Ferguson was married with three children to the former publishing executive Susan Douglas, but the chemistry between him and Ayaan prevailed. Photographs from the Time party record their attraction. Ayaan was wearing a short cobalt blue satin dress. In one picture, Ferguson stands with his arm wrapped around her shining waist, looking thunderstruck. Soon he and Ayaan were spending as much time together as their travel schedules allowed.
Among many other talents, Ferguson was a leading historian of finance. His ability to explain the origins of the Western financial system—and his conviction that it, too, was basically a good thing—had helped make him a wealthy man, with earnings sometimes estimated at more than $4 million a year. Ferguson also had the reputation of being tight-fisted, however, and some of his friends wondered whether the “intense dislike of spending money” to which he confessed might clash with Ayaan’s free-spending habits. Yet the relationship flourished.
Ferguson’s marriage was
apparently in trouble before he met Ayaan. His wife, Susan, a fifty-two-year-old former Fleet Street newspaper editor and magazine executive, lived in England with their children. She and Ferguson had met when she was an editor at the Daily Mail, and he had briefly moonlighted there. She had supported him financially when he was a young don at Oxford. But his and Ayaan’s lawyers later wrote to the Independent of London that he had already “moved out of the marital home” before he met Ayaan. (Actually, Ferguson and his wife owned three houses, a working farm in Oxfordshire, an eleventh-century castle near the Welsh border, and a town house in Boston, the oldest on Beacon Hill.)

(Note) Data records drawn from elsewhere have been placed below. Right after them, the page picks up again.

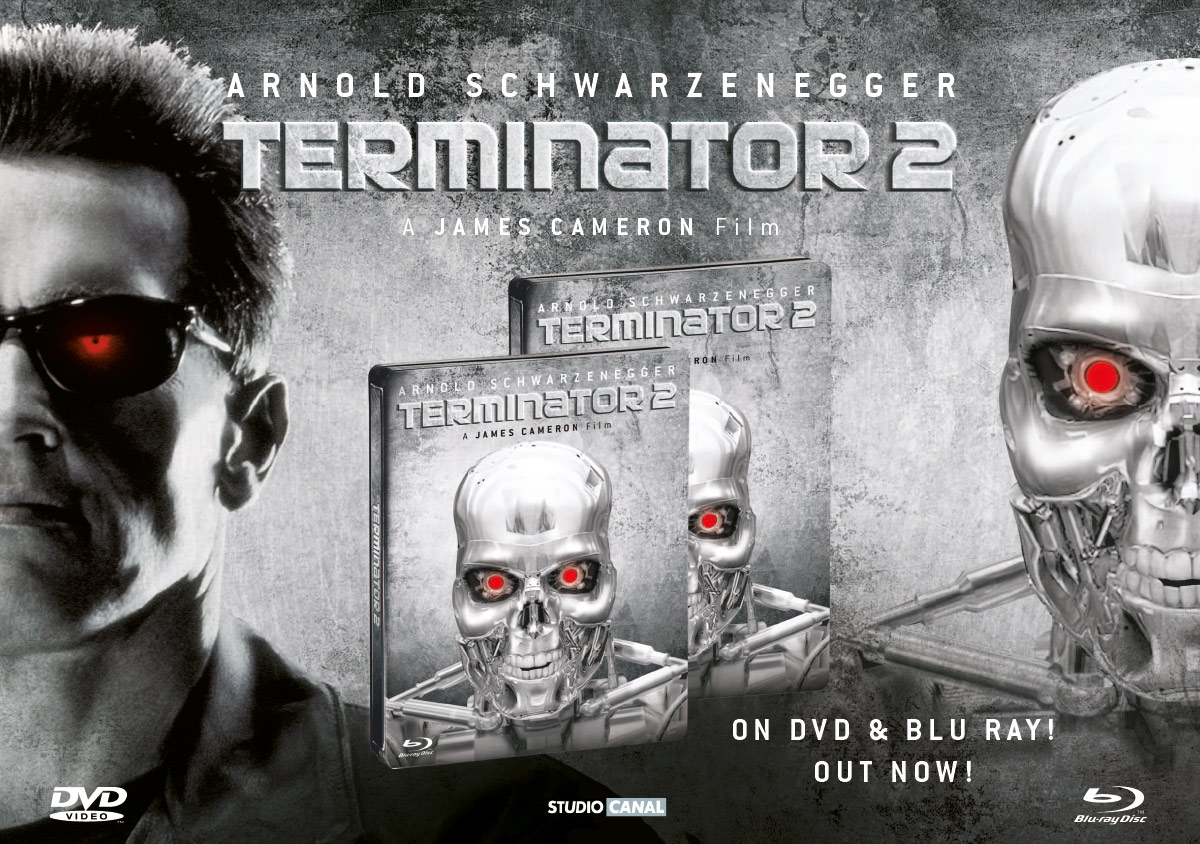 Affaire Populaire Terminator DVD Grafik Design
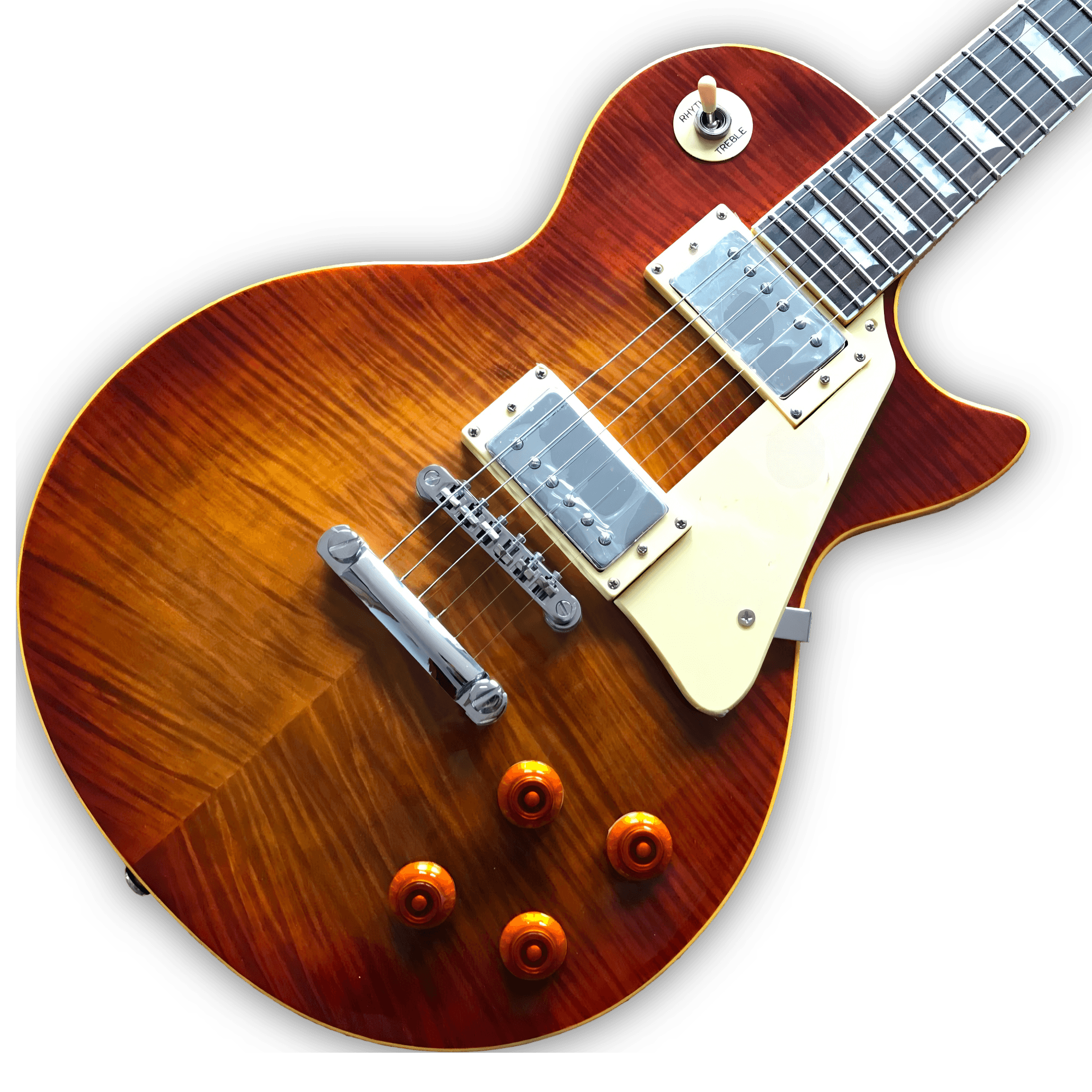 Custom Made Honeyburst 6 Strings LP Style Electric Guitar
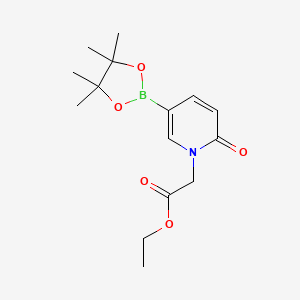 molecular formula C15H22BNO5 B15240179 Ethyl 2-[2-oxo-5-(4,4,5,5-tetramethyl-1,3,2-dioxaborolan-2-yl)pyridin-1-yl]acetate 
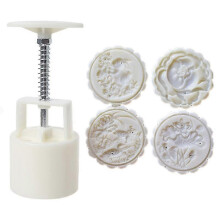 4pcs/set Cookie Cutters Moon Cake Ramadan Biscuit Mold Diy Cake Baking Tools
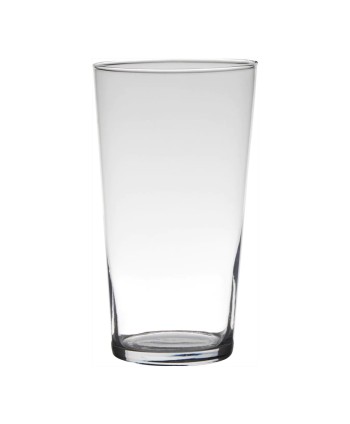 JARRÓN DE CRISTAL CÓNICO....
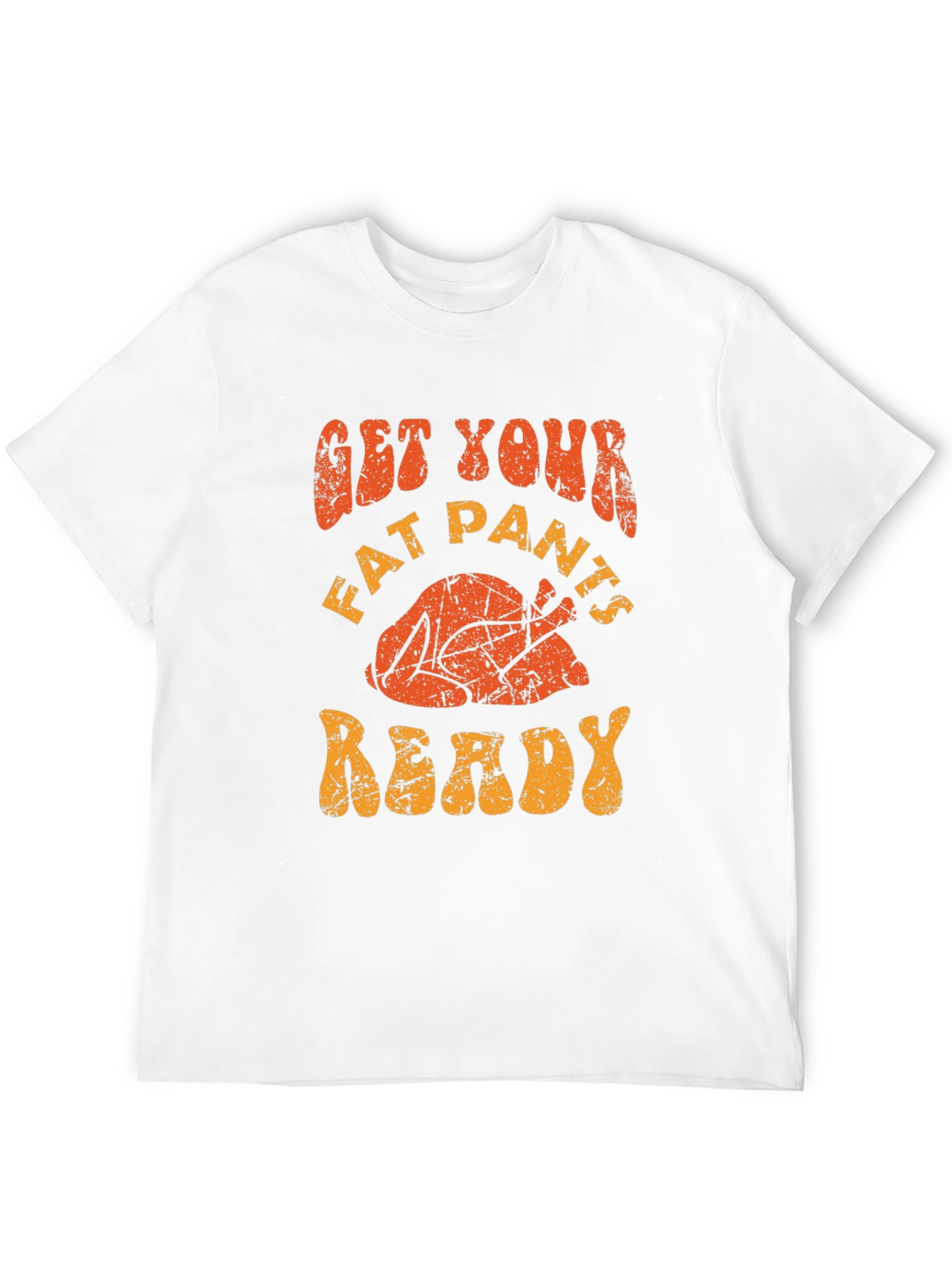 Black Get Your Fat Pants Ready Turkey T-Shirt view 12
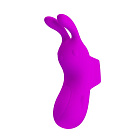 Вибратор на палец Pretty Love Finger Bunny, 9,4 см (фиолетовый)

With Ayaan’s fortieth birthday approaching in November, he agreed to help sponsor her birthday party at a five-star Manhattan hotel, reportedly picking up a bar tab for many thousands of dollars. The party was a celebration of how far Ayaan had come since arriving in the United States three years earlier. Old friends from the Netherlands, including her Dutch foster mother and Marco van Kerkhoven, were on hand to watch as more than a hundred guests, including some of the wealthiest people in the world, lined up to have their photos taken with Ayaan, dressed in a long brown evening gown. That evening she gave an interview to Steffie Kouters, the reporter who had first put her into the Dutch national eye in 2002. Although Ferguson’s wife still didn’t know about Ferguson and Ayaan (by one account, he invited his wife to the party and then, after she flew to New York, told her it was happening elsewhere after all), Ayaan regaled Kouters with the story of her love affair. “This is him,” she said, pointing to a picture of Ferguson. “Most of the time, I think: this is the man I belong with,” she said. But there were also “big problems” because Ferguson was married and Ayaan said she didn’t intend to be polygamous. In a speech to the guests, Ferguson said he had never met anyone as sharp as Ayaan.
The pair went public in January 2010. Ayaan was flown secretly to make a surprise appearance at India’s Jaipur Literature Festival, an important event for the global literary set. Ferguson was giving another talk there, and they were photographed kissing on the grounds of the opulent Hotel Diggi Palace. Two weeks later, on February 12, the Daily Mail broke the news that Ferguson was leaving his wife for Ayaan. The story’s impudent headline read, “The History Man and the Fatwa Girl.”